[What to work on] Return the data that follows exactly as it appears. Pictures do not belong in the copy.

——————————

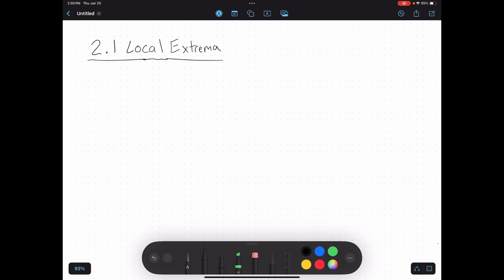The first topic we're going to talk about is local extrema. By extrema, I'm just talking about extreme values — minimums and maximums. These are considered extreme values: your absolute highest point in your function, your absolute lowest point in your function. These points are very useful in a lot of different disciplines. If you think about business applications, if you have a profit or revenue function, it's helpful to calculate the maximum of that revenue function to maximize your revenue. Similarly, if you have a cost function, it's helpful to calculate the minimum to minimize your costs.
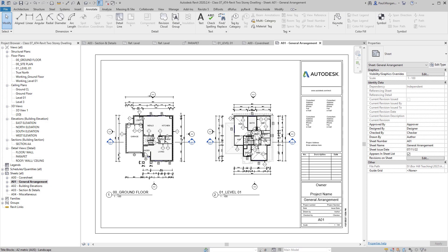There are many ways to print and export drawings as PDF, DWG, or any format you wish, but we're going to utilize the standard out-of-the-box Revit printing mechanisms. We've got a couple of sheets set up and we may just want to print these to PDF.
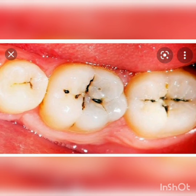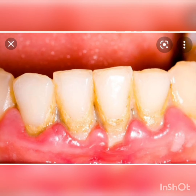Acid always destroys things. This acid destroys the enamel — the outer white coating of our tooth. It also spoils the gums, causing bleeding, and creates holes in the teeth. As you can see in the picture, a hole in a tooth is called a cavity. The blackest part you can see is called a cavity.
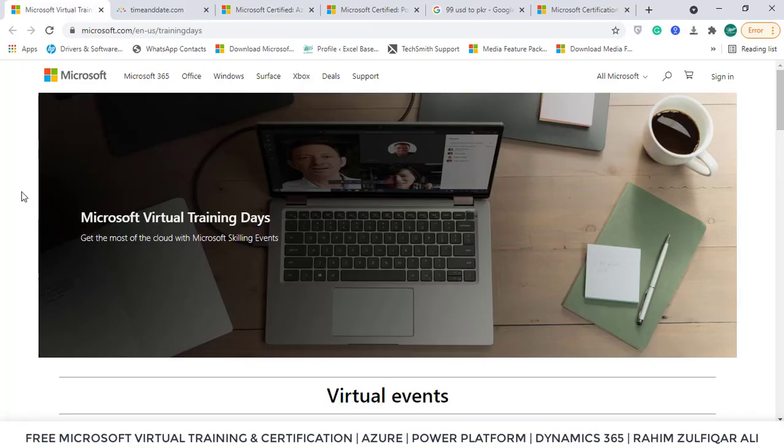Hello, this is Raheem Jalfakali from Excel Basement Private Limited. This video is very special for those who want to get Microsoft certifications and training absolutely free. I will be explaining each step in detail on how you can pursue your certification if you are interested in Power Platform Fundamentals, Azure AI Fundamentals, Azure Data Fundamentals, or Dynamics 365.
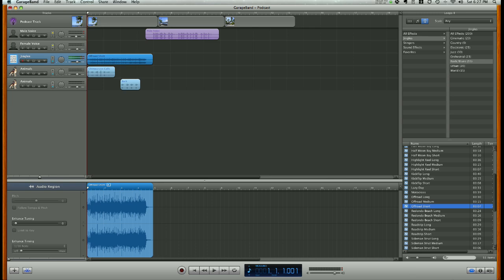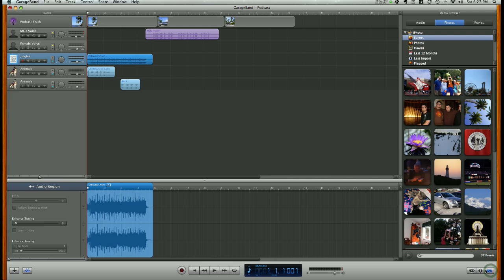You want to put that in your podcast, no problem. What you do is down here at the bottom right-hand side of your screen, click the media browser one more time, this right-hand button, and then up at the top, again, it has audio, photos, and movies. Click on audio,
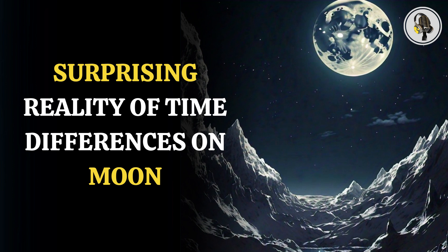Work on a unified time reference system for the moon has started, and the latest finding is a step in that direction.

——————————

[Solution to the problem]
The first topic we're going to talk about is local extrema. By extrema, I'm just talking about extreme values — minimums and maximums. These are considered extreme values: your absolute highest point in your function, your absolute lowest point in your function. These points are very useful in a lot of different disciplines. If you think about business applications, if you have a profit or revenue function, it's helpful to calculate the maximum of that revenue function to maximize your revenue. Similarly, if you have a cost function, it's helpful to calculate the minimum to minimize your costs.
There are many ways to print and export drawings as PDF, DWG, or any format you wish, but we're going to utilize the standard out-of-the-box Revit printing mechanisms. We've got a couple of sheets set up and we may just want to print these to PDF.
Acid always destroys things. This acid destroys the enamel — the outer white coating of our tooth. It also spoils the gums, causing bleeding, and creates holes in the teeth. As you can see in the picture, a hole in a tooth is called a cavity. The blackest part you can see is called a cavity.
Hello, this is Raheem Jalfakali from Excel Basement Private Limited. This video is very special for those who want to get Microsoft certifications and training absolutely free. I will be explaining each step in detail on how you can pursue your certification if you are interested in Power Platform Fundamentals, Azure AI Fundamentals, Azure Data Fundamentals, or Dynamics 365.
You want to put that in your podcast, no problem. What you do is down here at the bottom right-hand side of your screen, click the media browser one more time, this right-hand button, and then up at the top, again, it has audio, photos, and movies. Click on audio,
Work on a unified time reference system for the moon has started, and the latest finding is a step in that direction.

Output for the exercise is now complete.